Mas atenção: a música improvisada será, talvez, a mais expressiva arte do falhanço (uma arte com identificações que vão de Samuel Beckett a Miles Davis, e com formulações como esta: «Ever tried. Ever failed. No matter. Try again. Fail again. Fail better.»). Nenhuma improvisação tem o sucesso como garantido, e bem sabemos como, para se chegar numa determinada “peça” a cinco minutos de magia, é preciso passar por dez insignificantes e sem interesse. Assume-se à priori que para descobrir ouro é imprescindível partir rocha, e se não fosse esse trabalho tal prémio não surgiria – o que justifica toda a busca, por menos gratificante para a escuta que esta seja. O defeito de “Eight Dialogues” é também a sua virtude: mostra-nos que os processos (composicionais) da improvisação devem ir mais longe do que o horizonte dos seus mecanismos linguísticos e comunicantes mais primários, do que a sua tentação para a mimese da fala que se satisfaz com a concórdia e, ainda, do que as limitações ontológicas que lhe foram trazidas pelo branqueamento histórico da sua natureza social e política. É fundamental recordá-lo: a música improvisada nasceu no final da década de 1960 com o objectivo de contestar as instituições musicais vigentes e de propor, em consciência (uma consciência que se foi perdendo, improvisadores existindo hoje que não estão cientes do alcance e das razões da sua própria prática musical), um questionamento de tudo o que é dado como adquirido e assente.

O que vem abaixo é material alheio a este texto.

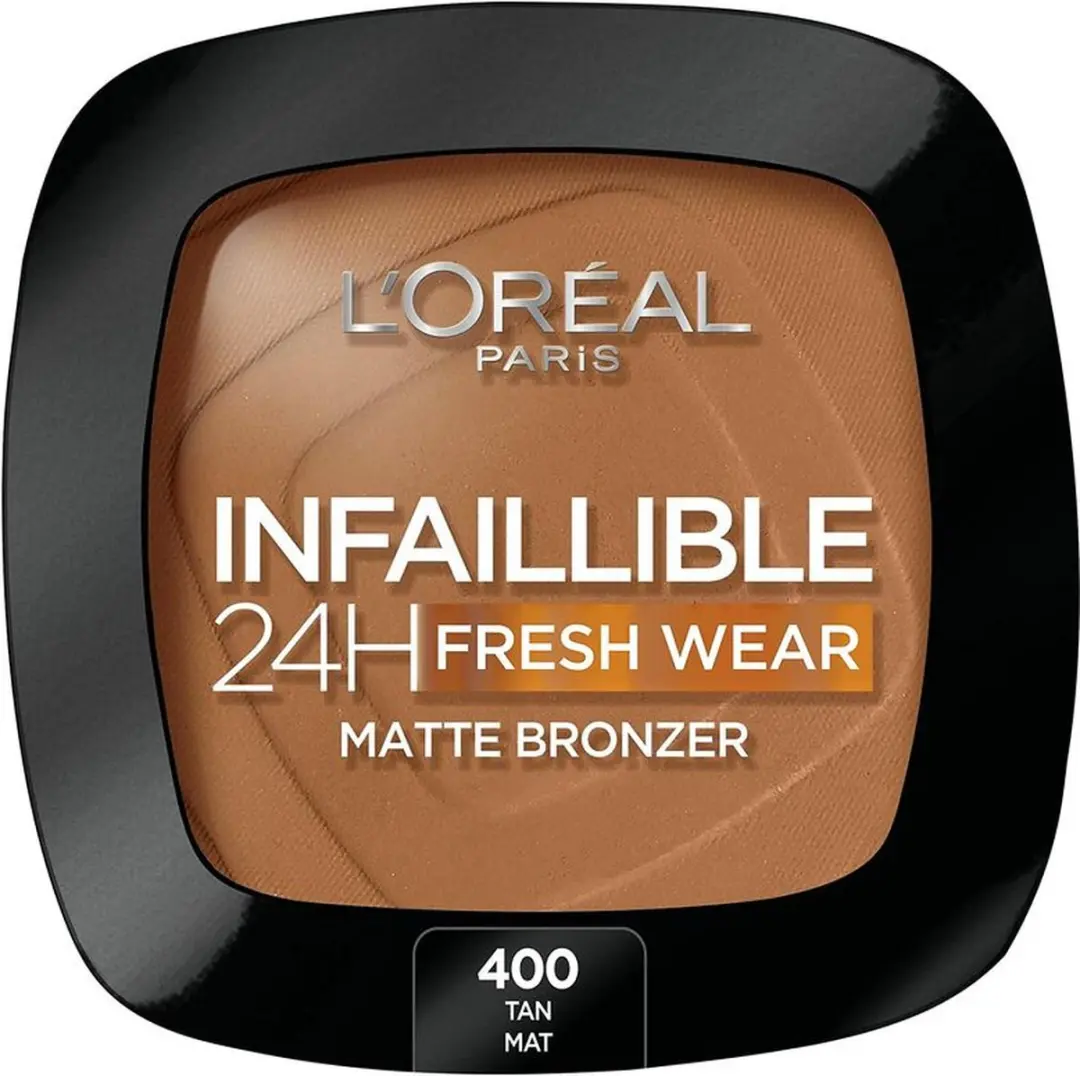 L'Oréal Paris Infallible 24H Fresh Wear Matte Bronzer Tan Doré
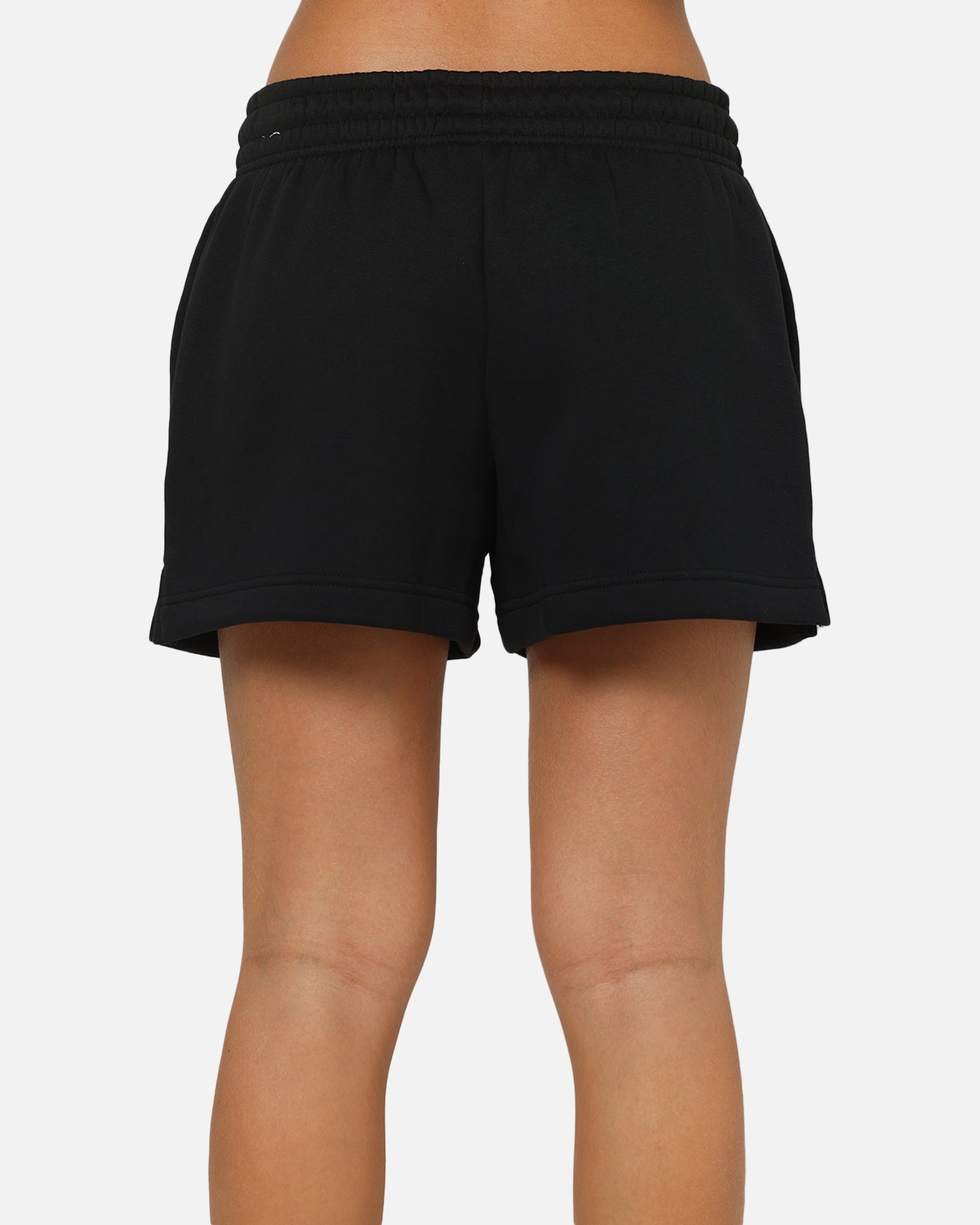 Nike Women's Sportswear Phoenix Fleece Mid-Rise 4" Shorts Black/Sail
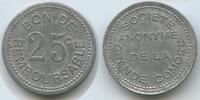 Komoren 25 Centimes Token Coinage G1179 - SEHR RAR French Comores - Société anonyme -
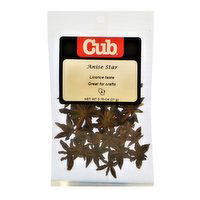 Cub Anise Star, 0.75 Ounce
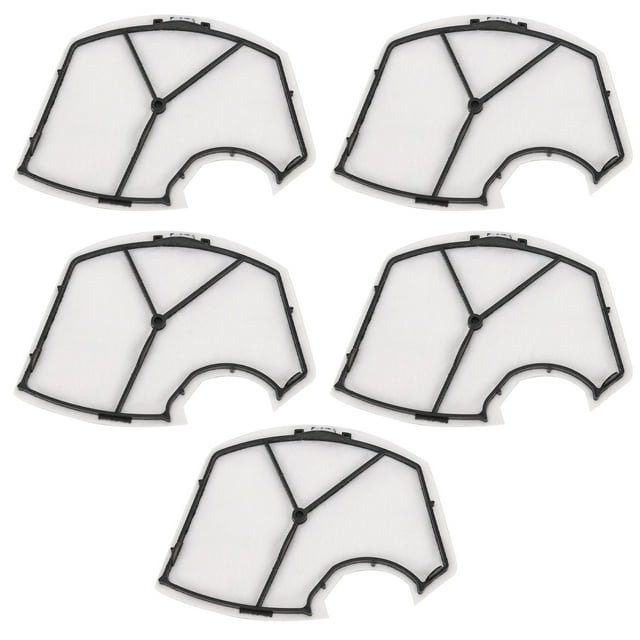 Replacement Filter Replacement Filter Abs 5Pcs Vacuum Cleaner Filter Replacement Parts For Vorwerk Kobold Vk140 Fp140 Vk150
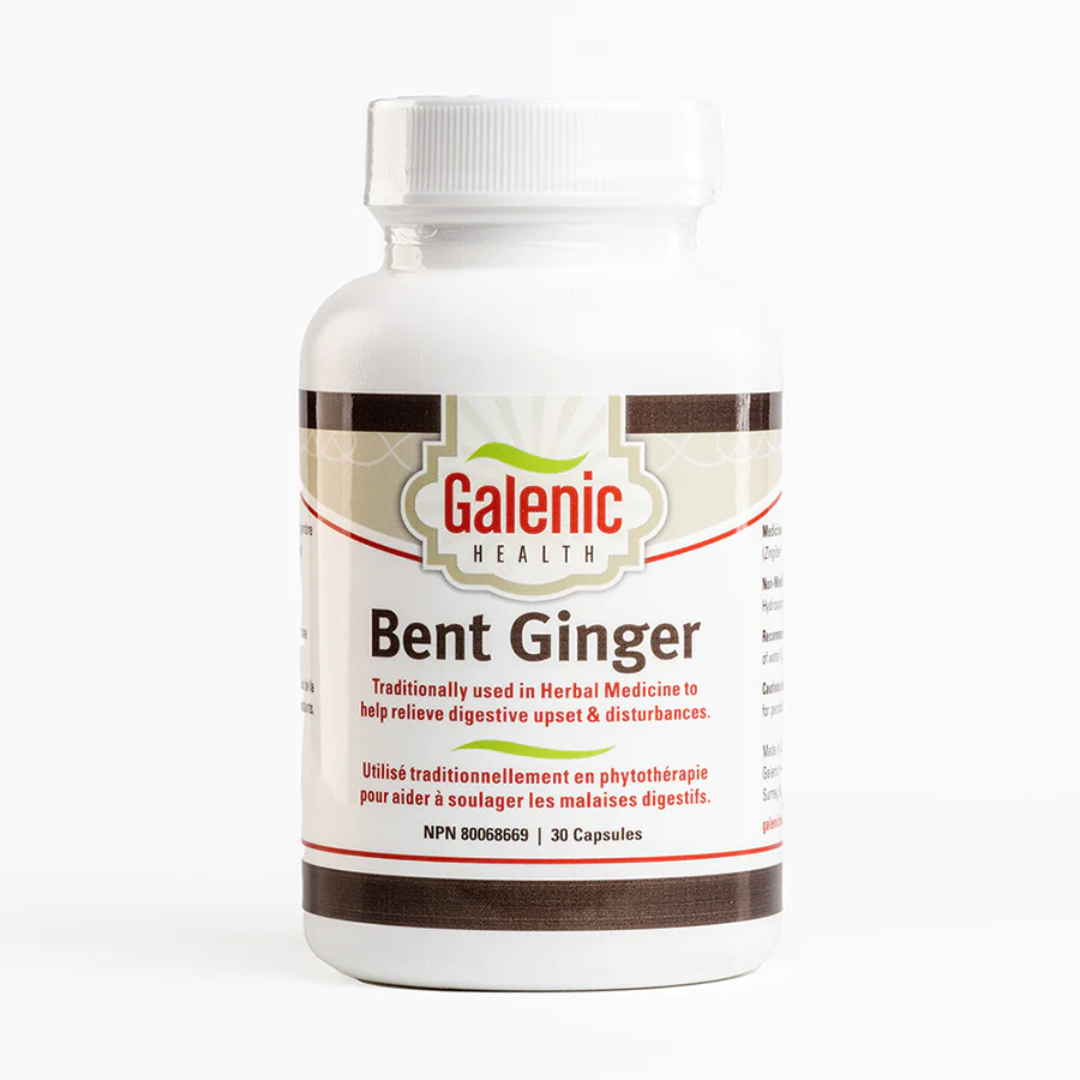 Galenic Bent Ginger 30 Capsules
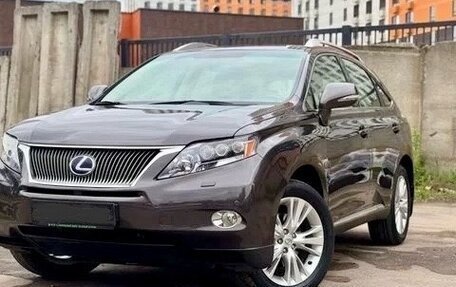 Lexus RX III, 2009 год, 2 100 000 рублей, 4 фотография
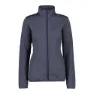 CMP 31h1656 Fleecejakke Med Full Glidelås, B. blue / grey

Pois façamos com que esta edição, no seu não-questionamento, no seu tão evidente equívoco, na sua falha, nos traga esclarecimento e uma inflexão de estratégias, procedimentos, relacionalidades e propósitos. Mais do que um disco agradável, e mentiroso nessa sua agradabilidade, na representação do apaziguamento a que procede, este é um disco útil para compreendermos a pertinência, a urgência (para mais no contexto daquilo que se passa no mundo – por exemplo, no mesmo momento em que as sondagens na Alemanha indicavam uma maioria para a extrema-direita, alguém que tocava ao vivo num dos espaços mais conceituados da música improvisada nesse país recebia 8 euros pela sua actuação, e creiam que as duas coisas estão directamente ligadas pelas lianas do neoliberalismo autoritário) e a imprescindibilidade de… inquietar. Se dois improvisadores entrarem em acordo, isso só pode ser positivo e motivo de celebração, mas não devemos aceitar tal paz como uma presunção musicológica – lembra-nos a ingénua asserção de Rousseau de que o ser humano é “naturalmente” bom. Não é desse modo que a realidade funciona, como todos, afinal, sabemos.